§ **Excerpted records**:
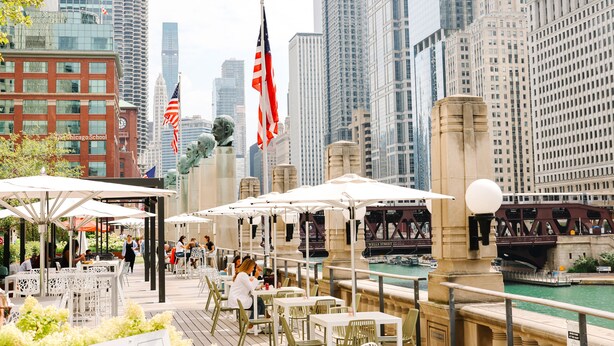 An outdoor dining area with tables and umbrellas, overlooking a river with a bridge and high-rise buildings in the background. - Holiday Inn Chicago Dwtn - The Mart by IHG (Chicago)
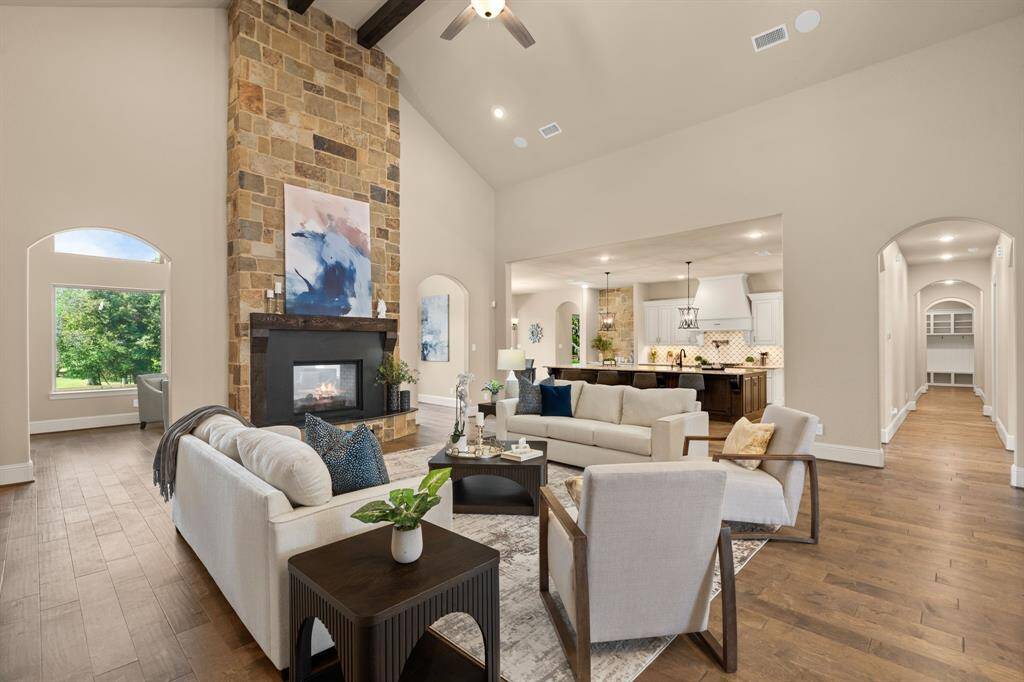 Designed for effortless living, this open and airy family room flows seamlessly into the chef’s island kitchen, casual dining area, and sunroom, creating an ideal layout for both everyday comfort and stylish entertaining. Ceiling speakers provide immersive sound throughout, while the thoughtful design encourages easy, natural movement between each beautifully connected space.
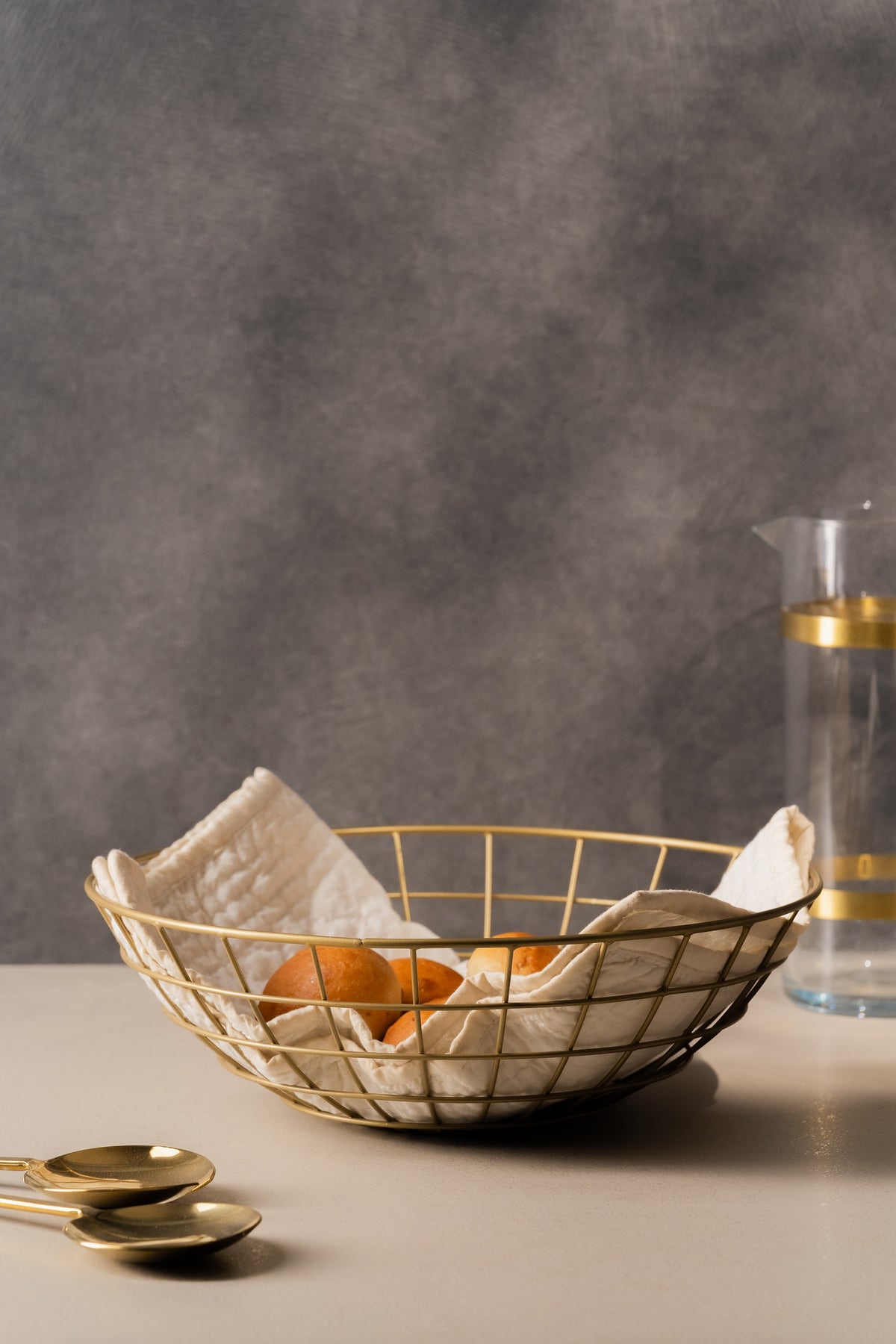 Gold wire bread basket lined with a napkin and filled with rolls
==
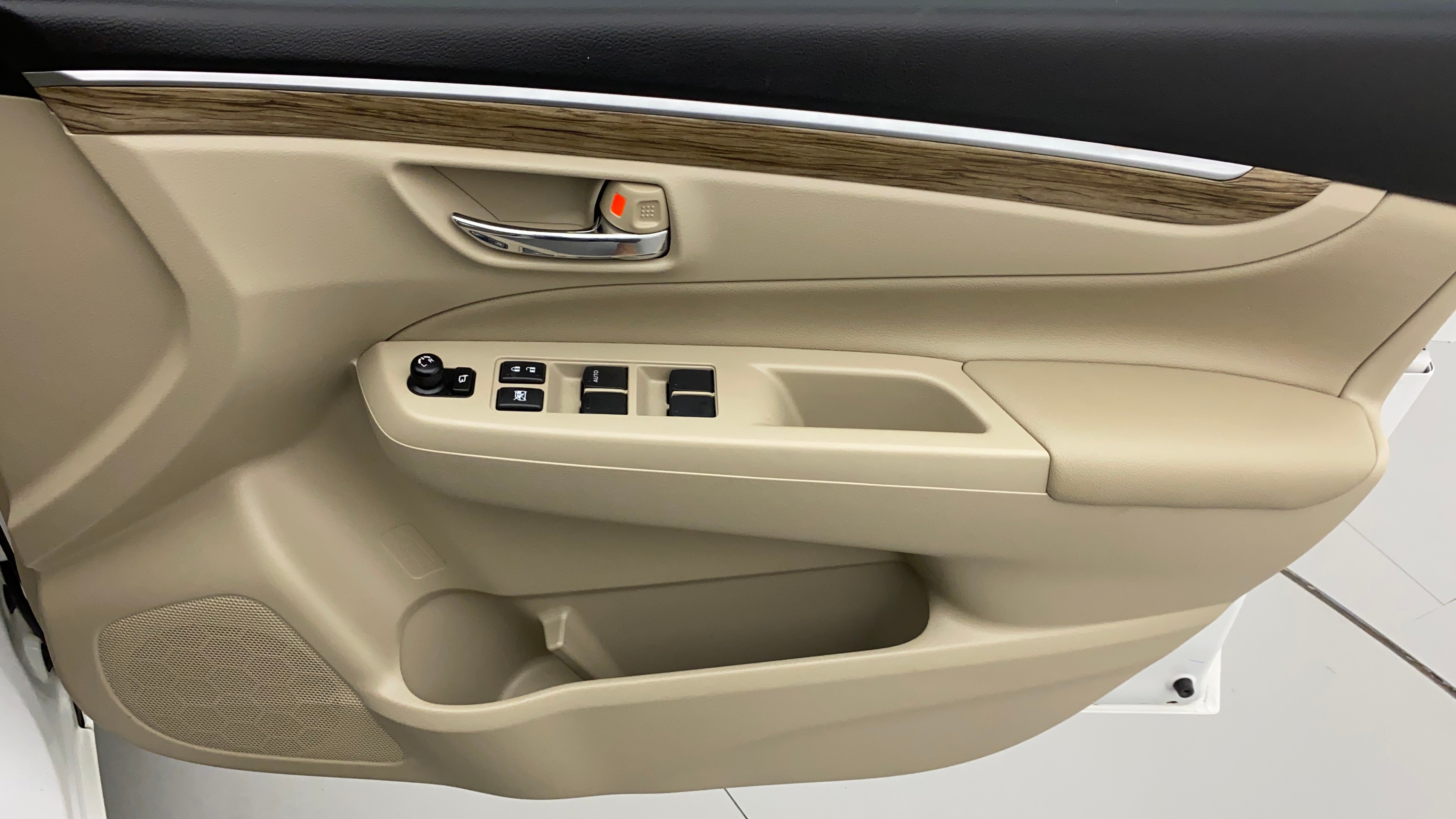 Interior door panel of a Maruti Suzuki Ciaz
* * *
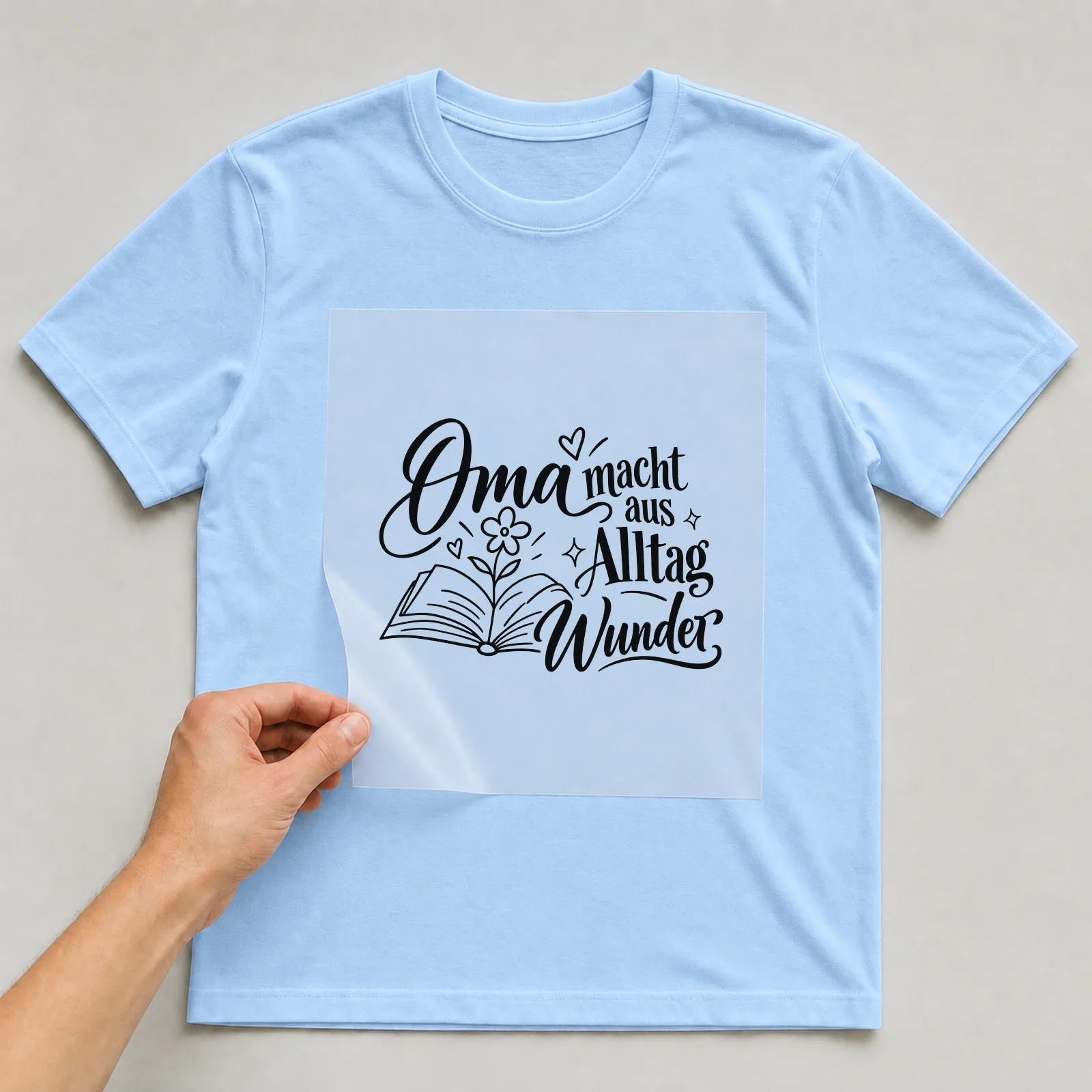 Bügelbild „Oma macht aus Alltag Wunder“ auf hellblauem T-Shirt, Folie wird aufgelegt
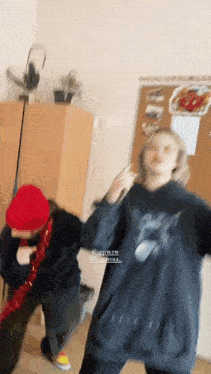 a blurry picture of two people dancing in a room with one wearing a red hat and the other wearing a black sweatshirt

§ **About this task**:
In the entries above, every line from the line with "Designed for effortless" to the line with "Gold wire bread" is to be printed exactly, with both ends included and pictures excluded.

§ **Exercise solution**:
 Designed for effortless living, this open and airy family room flows seamlessly into the chef’s island kitchen, casual dining area, and sunroom, creating an ideal layout for both everyday comfort and stylish entertaining. Ceiling speakers provide immersive sound throughout, while the thoughtful design encourages easy, natural movement between each beautifully connected space.
 Gold wire bread basket lined with a napkin and filled with rolls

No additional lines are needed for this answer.